Question

If L.C.M and H.C.F of 2 numbers are 108 and 9 respectively and one of them is 36; then find the other number.

Answer 1

Hint: For solving the question, we should know the relation between the L.C.M, H.C.F of the two numbers and the two numbers. It is stated that the product of L.C.M and H.C.F is equal to the product of the two numbers. This property is valid only for two numbers. Numerically
Let L.C.M = L and H.C.F = H of two numbers a, b. Then
L $\times $ H = a$\times $b$\to (1)$
By applying this property in the above question, we get the required number.

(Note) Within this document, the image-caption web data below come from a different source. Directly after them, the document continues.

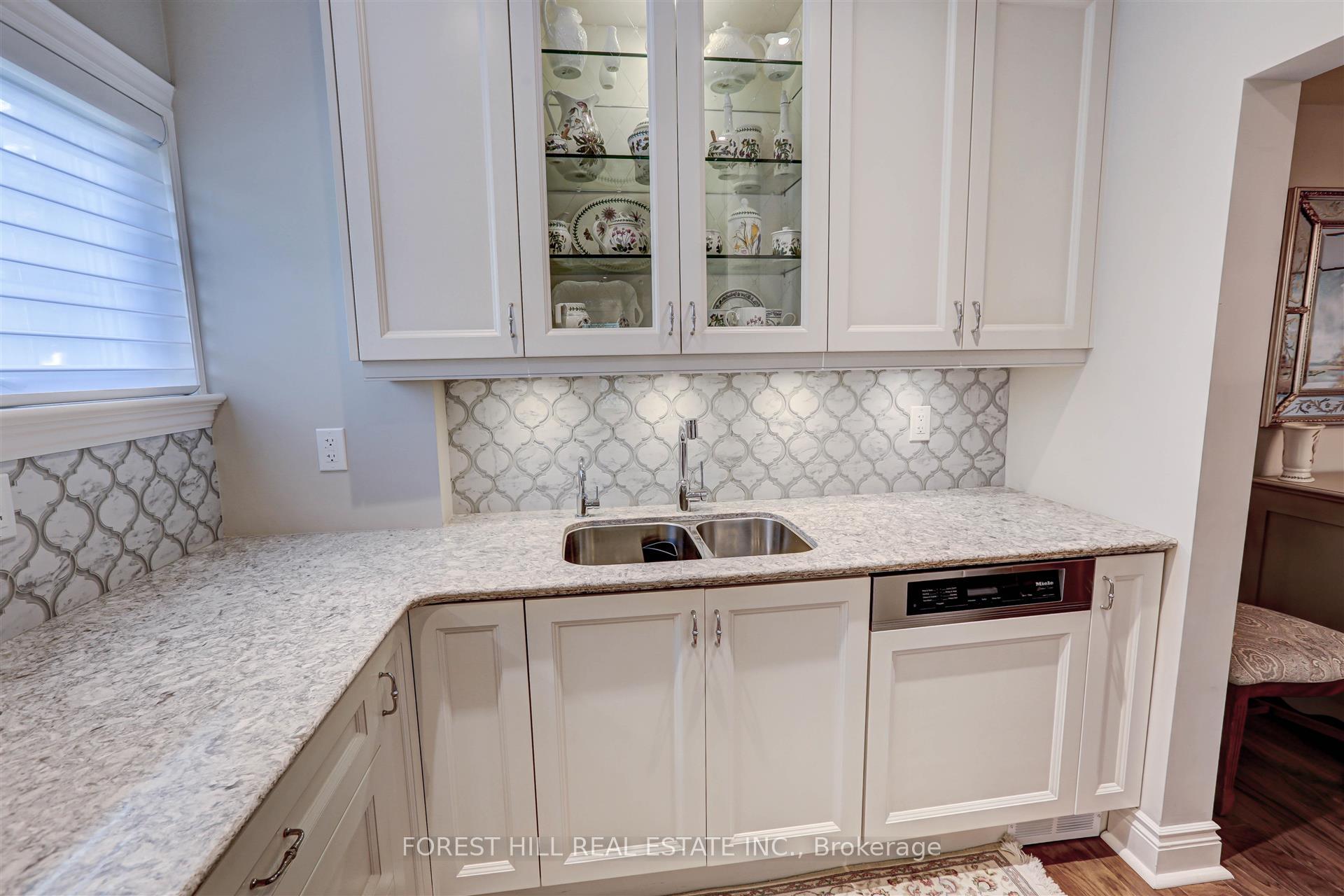 Photo 14 of 465 Spadina Road, Toronto, Forest Hill South — HOMEH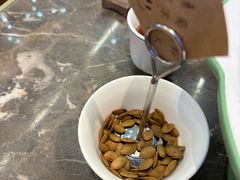 -老屋印象川菜(世纪东方店)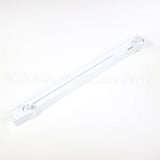 240343102 Frigidaire Hanger-Basket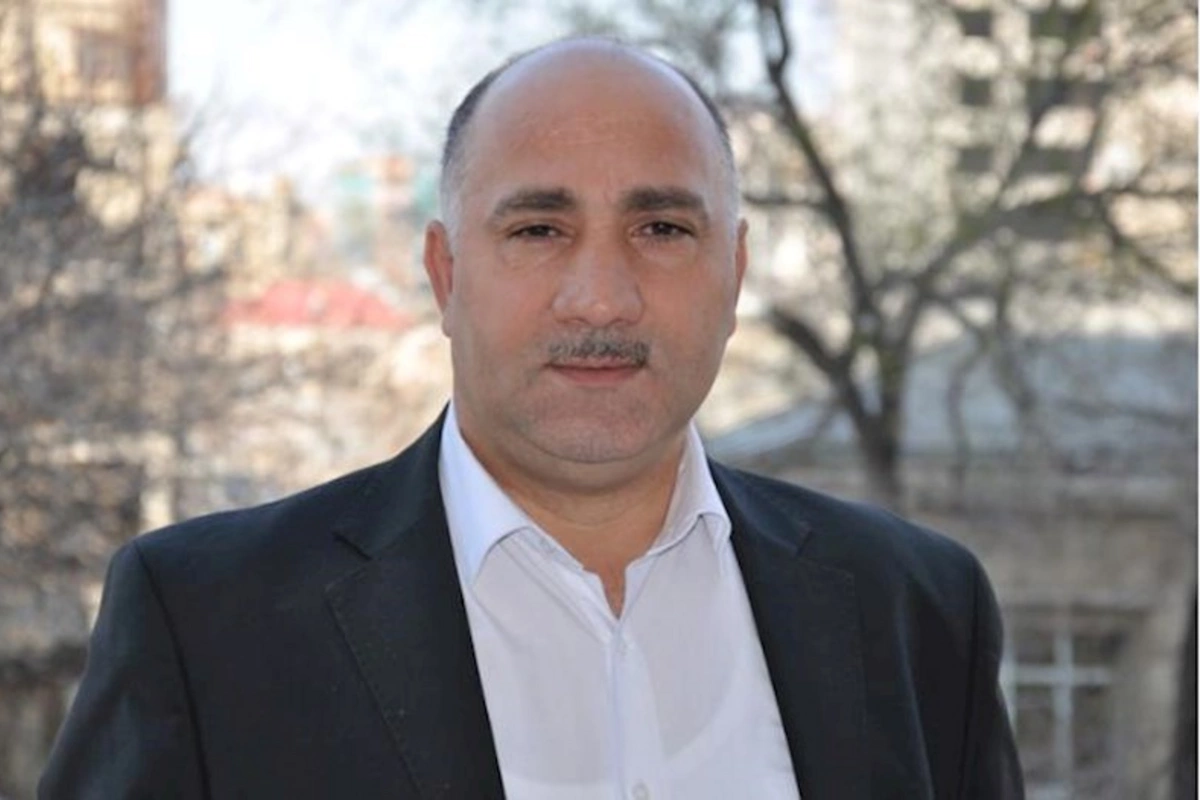 Hər xırda hadisədən ötrü vəhşi heyvanları öldürmək olmaz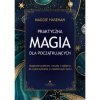 Praktyczna magia dla poczatkujacych Maggie Haseman MK 800px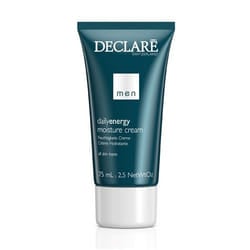Declare Cosmetics 16043500 facial cleanser Cleansing cream Men 75 ml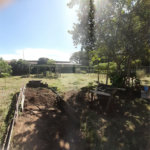 Terreno à venda em Vila Guido, Itu, SP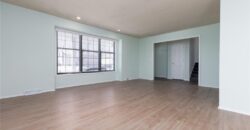 4709 NW Fisk Avenue, Kansas City, MO 64151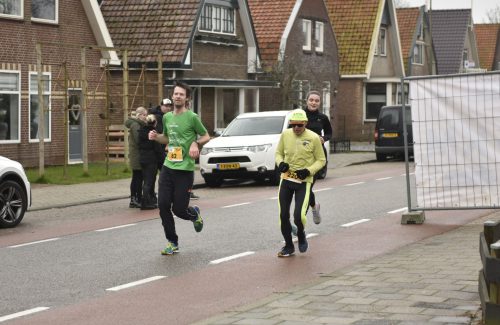 2023 Volwassenen deel 2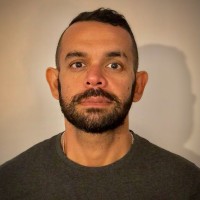 Marcelino Campos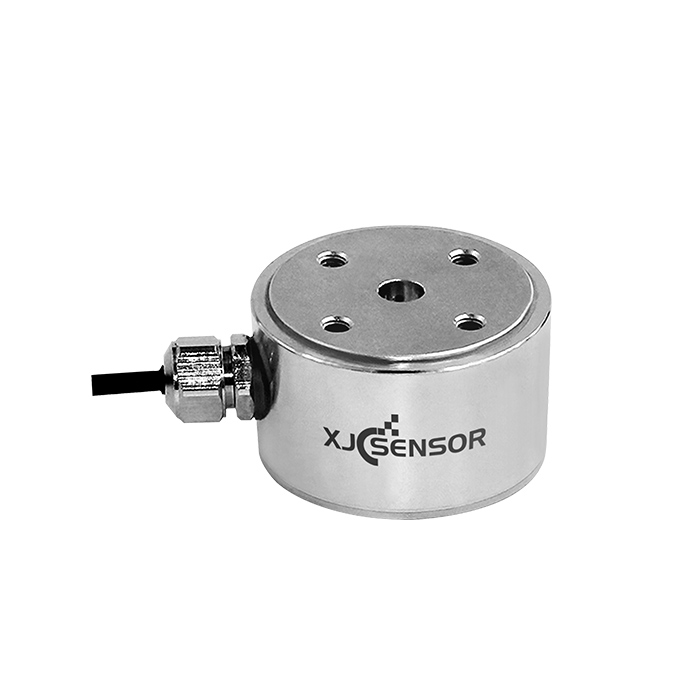 Single axis load cell XJC-Y18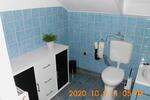 Dachgeschoßwohnung Bayreuth Bernecker Straße / Insel / Riedelsberg - 2 Zimmer, 57 m&sup2;, 530&euro; | Angebot:27547566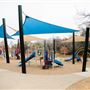 S.J. Stovall Park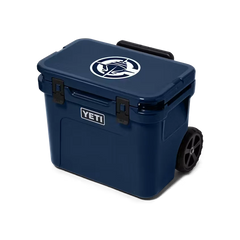 Los Angeles Clippers Roadie® 32 Wheeled Cooler
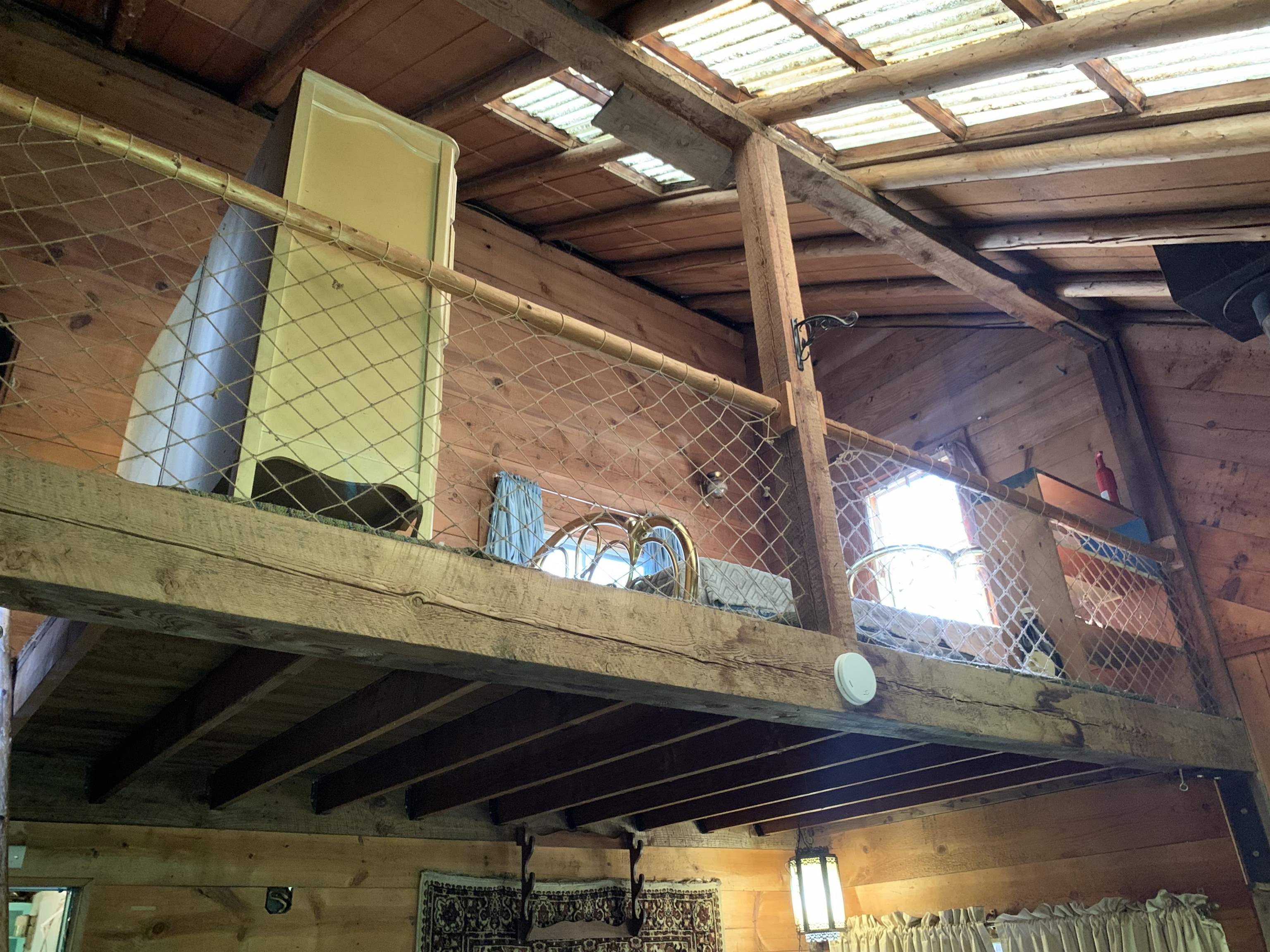 2423 L Quinns Meadow Road Colville, WA 99114 - Photo 8 of 24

Complete step-by-step answer:
Let the numbers be a, b. Let the L.C.M and H.C.F of the numbers are l and h respectively.
From the property of H.C.F which states that the quotients that we get after dividing the numbers with their H.C.F are coprime numbers, we can write that
$\begin{align}
  & \dfrac{a}{h}=x\text{ ; }\dfrac{b}{h}=y\text{ where x and y are coprime numbers} \\
 & a=xh\text{ ; b=yh} \\
\end{align}$
Finding the L.C.M using ladder method
\[\begin{align}
  & x\left| \!{\underline {\,
  xh,\text{yh} \,}} \right. \\
 & y\left| \!{\underline {\,
  h,\text{yh} \,}} \right. \\
 & h\left| \!{\underline {\,
  h,\text{h} \,}} \right. \\
 & \text{ }\left| \!{\underline {\,
  1,\text{1} \,}} \right. \\
\end{align}\]
L.C.M = $(x)\times (y)\times (h)$
$\begin{align}
  & L.C.M\times H.C.F=(x)\times (y)\times (h)\times (h) \\
 & =\left( xh \right)\times \left( yh \right) \\
\end{align}$
= a * b
=Product of the two numbers.
$\therefore $L.C.M * H.C.F = a * b.
In the given question
L.C.M = 108
H.C.F = 9
a = 36
We have to find b.
Applying the formula
L.C.M * H.C.F = a * b.
108$\times $9 = 36$\times $b
Dividing by 36 gives
$\begin{align}
  & \dfrac{108\times 9}{36}=b \\
 & b=\dfrac{108}{4} \\
 & b=27 \\
\end{align}$
So, the required number is 27.

Note: We can verify the answer by calculating the L.C.M and H.C.F of the numbers 36 and 27.
L.C.M is
\[\begin{align}
  & 9\left| \!{\underline {\,
  \text{36,27} \,}} \right. \\
 & 4\left| \!{\underline {\,
  \text{4,3} \,}} \right. \\
 & 3\left| \!{\underline {\,
  \text{1,3} \,}} \right. \\
 & \text{ }\left| \!{\underline {\,
  1,\text{1} \,}} \right. \\
\end{align}\]
L.C.M = $9\times 4\times 3$ = 108
H.C.F is
\[\begin{align}
  & 9\left| \!{\underline {\,
  \text{36,27} \,}} \right. \\
 & \text{ }\left| \!{\underline {\,
  \text{4,3} \,}} \right. \\
\end{align}\]
H.C.F = 9
The L.C.M and H.C.F of 36 and 27 are 108 and 9 respectively.
Hence verified.